__Assignment__
In the entries that follow, the line with "Victoria's Secret Cream" opens the range and the line with "Lynne - 2.3Km" closes it; repeat that range exactly, both lines included.

(Short web captions)
- - - -

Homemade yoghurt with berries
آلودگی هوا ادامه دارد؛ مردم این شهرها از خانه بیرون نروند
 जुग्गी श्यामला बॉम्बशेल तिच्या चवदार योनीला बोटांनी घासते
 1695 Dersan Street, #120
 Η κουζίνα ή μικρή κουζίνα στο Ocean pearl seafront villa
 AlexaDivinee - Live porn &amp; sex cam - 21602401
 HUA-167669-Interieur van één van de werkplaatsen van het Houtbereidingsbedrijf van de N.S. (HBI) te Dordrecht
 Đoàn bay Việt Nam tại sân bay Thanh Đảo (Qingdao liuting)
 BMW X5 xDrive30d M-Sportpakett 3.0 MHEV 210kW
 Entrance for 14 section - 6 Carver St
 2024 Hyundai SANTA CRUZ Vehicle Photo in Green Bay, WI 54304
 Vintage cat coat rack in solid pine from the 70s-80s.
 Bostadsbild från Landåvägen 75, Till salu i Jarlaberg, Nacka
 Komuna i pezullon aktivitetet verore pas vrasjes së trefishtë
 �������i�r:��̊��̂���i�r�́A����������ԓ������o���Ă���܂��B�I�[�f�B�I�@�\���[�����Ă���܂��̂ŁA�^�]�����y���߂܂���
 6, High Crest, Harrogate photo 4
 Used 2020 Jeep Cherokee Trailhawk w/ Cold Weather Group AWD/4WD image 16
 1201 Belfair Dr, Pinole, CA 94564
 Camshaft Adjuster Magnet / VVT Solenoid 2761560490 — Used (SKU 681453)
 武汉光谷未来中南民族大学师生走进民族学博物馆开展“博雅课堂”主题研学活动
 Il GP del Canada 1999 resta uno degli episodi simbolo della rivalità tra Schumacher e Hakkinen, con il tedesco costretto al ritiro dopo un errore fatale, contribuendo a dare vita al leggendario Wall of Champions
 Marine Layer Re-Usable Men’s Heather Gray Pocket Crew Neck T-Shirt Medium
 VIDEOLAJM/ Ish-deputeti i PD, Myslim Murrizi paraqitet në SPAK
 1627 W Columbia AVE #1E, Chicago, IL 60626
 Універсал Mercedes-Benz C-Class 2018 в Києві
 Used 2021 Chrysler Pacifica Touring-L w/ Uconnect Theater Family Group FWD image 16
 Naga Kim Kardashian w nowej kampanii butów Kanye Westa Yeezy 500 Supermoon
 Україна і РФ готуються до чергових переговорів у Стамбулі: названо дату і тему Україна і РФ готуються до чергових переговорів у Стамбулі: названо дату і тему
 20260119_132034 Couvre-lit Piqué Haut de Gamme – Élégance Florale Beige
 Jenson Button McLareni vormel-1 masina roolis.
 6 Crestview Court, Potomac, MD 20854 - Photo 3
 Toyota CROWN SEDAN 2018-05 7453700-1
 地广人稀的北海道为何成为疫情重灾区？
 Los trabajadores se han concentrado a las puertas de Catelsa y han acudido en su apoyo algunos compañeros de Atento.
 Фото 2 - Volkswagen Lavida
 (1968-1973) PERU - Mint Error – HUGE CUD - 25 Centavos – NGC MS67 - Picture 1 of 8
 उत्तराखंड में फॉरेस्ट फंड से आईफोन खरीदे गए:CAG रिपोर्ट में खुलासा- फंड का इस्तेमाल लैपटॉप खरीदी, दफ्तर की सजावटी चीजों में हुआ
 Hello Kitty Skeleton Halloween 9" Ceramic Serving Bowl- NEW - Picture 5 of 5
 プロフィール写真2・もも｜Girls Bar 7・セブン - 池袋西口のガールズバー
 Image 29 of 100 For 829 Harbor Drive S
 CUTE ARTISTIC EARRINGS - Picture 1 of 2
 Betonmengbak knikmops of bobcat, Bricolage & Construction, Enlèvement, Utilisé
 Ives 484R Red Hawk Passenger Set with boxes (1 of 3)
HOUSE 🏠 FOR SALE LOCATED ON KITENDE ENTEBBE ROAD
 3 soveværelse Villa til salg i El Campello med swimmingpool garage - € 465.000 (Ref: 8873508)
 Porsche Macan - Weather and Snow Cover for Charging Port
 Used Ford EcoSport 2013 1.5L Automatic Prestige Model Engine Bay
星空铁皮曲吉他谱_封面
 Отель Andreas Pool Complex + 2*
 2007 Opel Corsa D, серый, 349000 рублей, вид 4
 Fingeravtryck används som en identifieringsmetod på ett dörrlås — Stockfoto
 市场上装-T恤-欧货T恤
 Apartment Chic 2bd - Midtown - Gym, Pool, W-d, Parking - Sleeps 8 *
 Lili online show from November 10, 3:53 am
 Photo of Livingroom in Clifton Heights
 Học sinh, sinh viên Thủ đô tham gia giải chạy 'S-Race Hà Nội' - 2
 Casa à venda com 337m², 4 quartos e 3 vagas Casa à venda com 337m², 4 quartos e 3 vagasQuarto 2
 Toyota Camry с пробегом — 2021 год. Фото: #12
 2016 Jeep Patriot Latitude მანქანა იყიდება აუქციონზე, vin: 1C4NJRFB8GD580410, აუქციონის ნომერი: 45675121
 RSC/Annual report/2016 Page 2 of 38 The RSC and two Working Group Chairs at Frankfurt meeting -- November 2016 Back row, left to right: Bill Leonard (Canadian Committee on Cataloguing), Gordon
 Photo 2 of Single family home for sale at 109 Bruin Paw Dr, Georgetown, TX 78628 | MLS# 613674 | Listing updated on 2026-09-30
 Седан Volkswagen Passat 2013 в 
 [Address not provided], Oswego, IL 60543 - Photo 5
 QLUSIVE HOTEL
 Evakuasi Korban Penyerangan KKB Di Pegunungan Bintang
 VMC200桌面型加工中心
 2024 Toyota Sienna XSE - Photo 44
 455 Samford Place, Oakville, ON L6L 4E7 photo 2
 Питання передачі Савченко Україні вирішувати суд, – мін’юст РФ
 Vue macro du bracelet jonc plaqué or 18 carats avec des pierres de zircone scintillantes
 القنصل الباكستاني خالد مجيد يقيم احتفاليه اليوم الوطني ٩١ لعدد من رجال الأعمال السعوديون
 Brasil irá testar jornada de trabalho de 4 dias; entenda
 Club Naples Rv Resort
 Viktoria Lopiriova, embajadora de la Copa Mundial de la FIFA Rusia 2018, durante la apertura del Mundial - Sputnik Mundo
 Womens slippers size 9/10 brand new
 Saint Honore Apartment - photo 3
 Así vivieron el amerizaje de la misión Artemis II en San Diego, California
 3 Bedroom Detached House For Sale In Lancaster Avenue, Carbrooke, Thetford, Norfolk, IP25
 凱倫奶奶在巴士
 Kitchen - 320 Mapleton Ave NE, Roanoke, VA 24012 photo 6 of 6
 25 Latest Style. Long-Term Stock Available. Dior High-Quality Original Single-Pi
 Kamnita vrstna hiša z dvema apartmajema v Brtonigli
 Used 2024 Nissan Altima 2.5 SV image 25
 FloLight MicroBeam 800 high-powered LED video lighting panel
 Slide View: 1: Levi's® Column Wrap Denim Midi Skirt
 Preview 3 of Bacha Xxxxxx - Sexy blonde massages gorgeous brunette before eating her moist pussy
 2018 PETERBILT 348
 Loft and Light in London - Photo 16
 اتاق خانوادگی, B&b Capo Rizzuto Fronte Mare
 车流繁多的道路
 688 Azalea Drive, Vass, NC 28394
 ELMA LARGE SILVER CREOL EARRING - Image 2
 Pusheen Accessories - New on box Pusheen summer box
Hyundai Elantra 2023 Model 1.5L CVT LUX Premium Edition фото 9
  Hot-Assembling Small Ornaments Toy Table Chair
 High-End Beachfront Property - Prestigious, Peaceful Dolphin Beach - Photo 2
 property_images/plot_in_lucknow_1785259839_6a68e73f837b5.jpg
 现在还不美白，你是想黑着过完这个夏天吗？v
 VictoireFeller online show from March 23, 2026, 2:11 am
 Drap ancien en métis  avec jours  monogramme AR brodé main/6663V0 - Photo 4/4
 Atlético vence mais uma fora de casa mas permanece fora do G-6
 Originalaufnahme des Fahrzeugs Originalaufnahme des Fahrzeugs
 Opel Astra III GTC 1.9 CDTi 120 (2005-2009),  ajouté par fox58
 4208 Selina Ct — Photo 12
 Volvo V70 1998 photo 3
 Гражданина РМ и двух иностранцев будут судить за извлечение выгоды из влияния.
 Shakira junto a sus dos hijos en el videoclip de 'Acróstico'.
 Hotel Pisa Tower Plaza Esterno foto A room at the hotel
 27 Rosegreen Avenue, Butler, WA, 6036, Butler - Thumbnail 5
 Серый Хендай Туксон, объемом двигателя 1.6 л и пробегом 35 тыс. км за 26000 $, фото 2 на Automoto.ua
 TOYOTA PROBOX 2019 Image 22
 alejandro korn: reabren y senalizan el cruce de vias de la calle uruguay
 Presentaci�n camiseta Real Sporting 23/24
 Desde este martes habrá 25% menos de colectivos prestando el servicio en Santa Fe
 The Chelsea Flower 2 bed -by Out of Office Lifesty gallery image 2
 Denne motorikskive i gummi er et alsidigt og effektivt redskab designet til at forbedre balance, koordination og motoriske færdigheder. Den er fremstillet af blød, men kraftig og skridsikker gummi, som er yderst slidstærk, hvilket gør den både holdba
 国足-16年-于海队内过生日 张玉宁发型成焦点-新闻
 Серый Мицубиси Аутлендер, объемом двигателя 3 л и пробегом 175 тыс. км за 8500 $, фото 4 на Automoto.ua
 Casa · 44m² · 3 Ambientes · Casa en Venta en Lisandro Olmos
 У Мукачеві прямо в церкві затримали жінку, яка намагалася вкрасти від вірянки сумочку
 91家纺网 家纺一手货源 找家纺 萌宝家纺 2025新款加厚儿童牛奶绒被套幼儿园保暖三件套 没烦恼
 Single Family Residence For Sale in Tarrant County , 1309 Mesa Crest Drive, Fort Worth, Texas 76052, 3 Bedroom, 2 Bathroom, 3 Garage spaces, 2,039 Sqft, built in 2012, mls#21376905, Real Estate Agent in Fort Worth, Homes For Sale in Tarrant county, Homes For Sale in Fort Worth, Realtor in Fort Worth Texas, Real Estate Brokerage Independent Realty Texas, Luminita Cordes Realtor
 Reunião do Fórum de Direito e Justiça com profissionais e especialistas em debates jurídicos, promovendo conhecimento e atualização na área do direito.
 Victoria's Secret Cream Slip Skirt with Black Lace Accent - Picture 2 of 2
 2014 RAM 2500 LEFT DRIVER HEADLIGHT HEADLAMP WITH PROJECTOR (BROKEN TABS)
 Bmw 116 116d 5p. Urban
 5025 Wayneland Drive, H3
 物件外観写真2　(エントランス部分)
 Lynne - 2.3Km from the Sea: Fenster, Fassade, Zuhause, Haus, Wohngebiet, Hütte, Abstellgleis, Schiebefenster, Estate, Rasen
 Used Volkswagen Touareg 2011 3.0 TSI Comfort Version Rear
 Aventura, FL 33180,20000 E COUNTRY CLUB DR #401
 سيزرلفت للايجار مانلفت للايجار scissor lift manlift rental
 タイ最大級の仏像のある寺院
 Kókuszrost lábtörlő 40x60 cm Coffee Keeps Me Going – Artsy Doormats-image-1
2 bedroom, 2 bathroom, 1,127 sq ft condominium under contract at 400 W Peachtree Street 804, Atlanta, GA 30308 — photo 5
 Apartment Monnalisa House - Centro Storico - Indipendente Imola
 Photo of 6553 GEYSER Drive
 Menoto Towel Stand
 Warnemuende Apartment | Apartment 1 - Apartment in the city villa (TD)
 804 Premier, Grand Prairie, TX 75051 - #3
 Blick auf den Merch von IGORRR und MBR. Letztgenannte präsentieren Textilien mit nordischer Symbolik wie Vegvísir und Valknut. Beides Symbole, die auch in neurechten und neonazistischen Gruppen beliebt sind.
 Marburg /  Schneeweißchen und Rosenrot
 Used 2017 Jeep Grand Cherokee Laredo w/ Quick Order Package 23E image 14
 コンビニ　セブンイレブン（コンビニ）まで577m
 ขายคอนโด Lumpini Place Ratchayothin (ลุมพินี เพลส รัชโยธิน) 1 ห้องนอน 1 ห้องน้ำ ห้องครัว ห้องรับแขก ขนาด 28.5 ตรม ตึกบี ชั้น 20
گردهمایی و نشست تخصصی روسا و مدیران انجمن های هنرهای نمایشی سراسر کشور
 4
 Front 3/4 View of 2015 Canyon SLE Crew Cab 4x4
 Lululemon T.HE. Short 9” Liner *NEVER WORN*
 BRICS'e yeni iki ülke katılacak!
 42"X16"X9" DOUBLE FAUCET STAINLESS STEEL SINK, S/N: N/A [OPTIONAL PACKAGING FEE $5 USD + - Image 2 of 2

- - - -

__Task answer__
 Victoria's Secret Cream Slip Skirt with Black Lace Accent - Picture 2 of 2
 2014 RAM 2500 LEFT DRIVER HEADLIGHT HEADLAMP WITH PROJECTOR (BROKEN TABS)
 Bmw 116 116d 5p. Urban
 5025 Wayneland Drive, H3
 物件外観写真2　(エントランス部分)
 Lynne - 2.3Km from the Sea: Fenster, Fassade, Zuhause, Haus, Wohngebiet, Hütte, Abstellgleis, Schiebefenster, Estate, Rasen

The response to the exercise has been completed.